Origins/Coalition Panel

Availability: Only 1 available

Red Cedar wood, Acrylic paint

This painting is my theory of the evolution of the Pacific Northwest Coast (PNC) OVOID. In 1874 a native informant told James G. Swan that the eyespots on the wings of a young BAGWANA (skate fish) is the original source of the OVOID. However, its eyespots are a solid circle with a fine line surrounding them.

So from that circular format the OVOID must have evolved into a more elongated and rectangular shape. The HULL-CHEY-NAUCH (orca) has solid white eyespots; some of which do resemble the elongated shape of an OVOID.

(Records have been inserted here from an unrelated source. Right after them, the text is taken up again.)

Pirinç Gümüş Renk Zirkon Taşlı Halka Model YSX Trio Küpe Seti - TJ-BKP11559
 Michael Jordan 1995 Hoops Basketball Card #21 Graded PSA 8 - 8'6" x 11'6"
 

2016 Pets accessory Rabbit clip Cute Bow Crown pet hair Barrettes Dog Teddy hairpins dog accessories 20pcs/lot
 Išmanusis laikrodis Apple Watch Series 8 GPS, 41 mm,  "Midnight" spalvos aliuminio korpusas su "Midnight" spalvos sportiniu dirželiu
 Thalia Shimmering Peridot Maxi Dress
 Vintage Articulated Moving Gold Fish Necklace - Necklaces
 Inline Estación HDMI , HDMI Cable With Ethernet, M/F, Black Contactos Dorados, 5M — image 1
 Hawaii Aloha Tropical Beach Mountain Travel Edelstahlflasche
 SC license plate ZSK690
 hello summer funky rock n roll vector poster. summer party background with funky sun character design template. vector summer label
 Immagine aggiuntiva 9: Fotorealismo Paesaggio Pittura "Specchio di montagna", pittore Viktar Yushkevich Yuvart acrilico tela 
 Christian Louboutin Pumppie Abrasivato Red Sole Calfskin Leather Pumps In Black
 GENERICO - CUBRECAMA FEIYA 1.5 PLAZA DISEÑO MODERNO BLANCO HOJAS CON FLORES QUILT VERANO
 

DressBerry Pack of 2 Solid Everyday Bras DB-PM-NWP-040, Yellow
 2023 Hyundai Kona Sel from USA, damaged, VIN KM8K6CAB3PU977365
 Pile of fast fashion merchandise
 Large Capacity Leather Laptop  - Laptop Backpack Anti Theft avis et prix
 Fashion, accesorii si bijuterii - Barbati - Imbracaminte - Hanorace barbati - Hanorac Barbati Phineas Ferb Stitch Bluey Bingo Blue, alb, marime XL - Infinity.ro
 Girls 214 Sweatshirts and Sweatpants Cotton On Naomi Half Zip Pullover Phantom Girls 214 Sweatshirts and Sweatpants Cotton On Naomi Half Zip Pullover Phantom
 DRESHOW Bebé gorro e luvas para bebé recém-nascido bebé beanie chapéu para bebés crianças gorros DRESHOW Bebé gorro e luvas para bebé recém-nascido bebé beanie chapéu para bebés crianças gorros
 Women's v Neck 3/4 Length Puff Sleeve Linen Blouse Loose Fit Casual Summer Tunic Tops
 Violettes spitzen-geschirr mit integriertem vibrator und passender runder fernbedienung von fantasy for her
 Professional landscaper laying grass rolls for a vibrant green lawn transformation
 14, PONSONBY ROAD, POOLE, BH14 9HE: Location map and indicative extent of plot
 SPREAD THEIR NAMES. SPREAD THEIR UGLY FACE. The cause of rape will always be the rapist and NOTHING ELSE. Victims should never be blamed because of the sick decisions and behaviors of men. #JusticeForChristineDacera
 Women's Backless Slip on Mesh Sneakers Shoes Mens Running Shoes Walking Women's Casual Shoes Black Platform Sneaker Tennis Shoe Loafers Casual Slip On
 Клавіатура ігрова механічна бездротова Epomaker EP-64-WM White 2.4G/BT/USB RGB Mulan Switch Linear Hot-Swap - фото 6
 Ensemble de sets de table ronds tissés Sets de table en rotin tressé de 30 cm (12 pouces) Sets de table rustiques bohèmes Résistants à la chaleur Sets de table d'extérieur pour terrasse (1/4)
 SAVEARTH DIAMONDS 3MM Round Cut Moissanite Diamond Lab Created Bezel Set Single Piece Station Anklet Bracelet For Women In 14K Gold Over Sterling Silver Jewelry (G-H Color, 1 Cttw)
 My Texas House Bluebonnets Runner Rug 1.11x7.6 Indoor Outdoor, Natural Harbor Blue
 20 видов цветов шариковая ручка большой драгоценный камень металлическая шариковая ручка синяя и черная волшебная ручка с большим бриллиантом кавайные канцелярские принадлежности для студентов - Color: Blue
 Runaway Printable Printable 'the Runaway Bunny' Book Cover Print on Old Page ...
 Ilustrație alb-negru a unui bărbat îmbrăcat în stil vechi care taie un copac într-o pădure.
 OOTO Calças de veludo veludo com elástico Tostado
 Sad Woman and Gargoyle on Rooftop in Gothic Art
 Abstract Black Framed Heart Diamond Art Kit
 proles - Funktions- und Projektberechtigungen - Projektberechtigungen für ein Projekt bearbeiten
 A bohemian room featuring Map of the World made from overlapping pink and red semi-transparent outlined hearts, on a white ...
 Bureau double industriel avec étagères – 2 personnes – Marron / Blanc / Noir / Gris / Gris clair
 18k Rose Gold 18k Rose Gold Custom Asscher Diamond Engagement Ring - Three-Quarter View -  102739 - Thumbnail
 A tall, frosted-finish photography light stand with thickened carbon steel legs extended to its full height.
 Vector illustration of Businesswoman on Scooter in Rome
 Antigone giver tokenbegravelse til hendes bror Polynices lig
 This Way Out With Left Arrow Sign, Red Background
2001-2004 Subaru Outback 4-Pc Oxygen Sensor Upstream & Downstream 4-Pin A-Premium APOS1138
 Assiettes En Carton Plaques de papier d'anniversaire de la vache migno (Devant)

So to imply that connection, the BAGWANA’s tail is close to the HULL-CHEY-NAUCH’s blowhole.

The perimeter of an eye socket of a human CHAACH-JOO-WA-QIA (human skull) has a squarish, elongated shape that is very close to the shape of a archaic OVOID. In the olden days dead people were put in a GUH-YO-JEELTH (bentwood box). These GUH-YO-JEELTH were then put up in a tree. Eventually it rotted away and everything fell to the ground — leaving the skeleton exposed, including the CHAACH-JOO-WA-QIA.

So a GUH-YO-JEELTH with a painted CHAACH-JOO-WA-QIA is beside the BAGWANA. On the GUH-YO-JEELTH’s lid is a series of OVOIDS showing the progression: circular, archaic and the classic OVOID. The classic OVOID has a upward bending bottom which differs from the flatter bottom of the archaic OVOID.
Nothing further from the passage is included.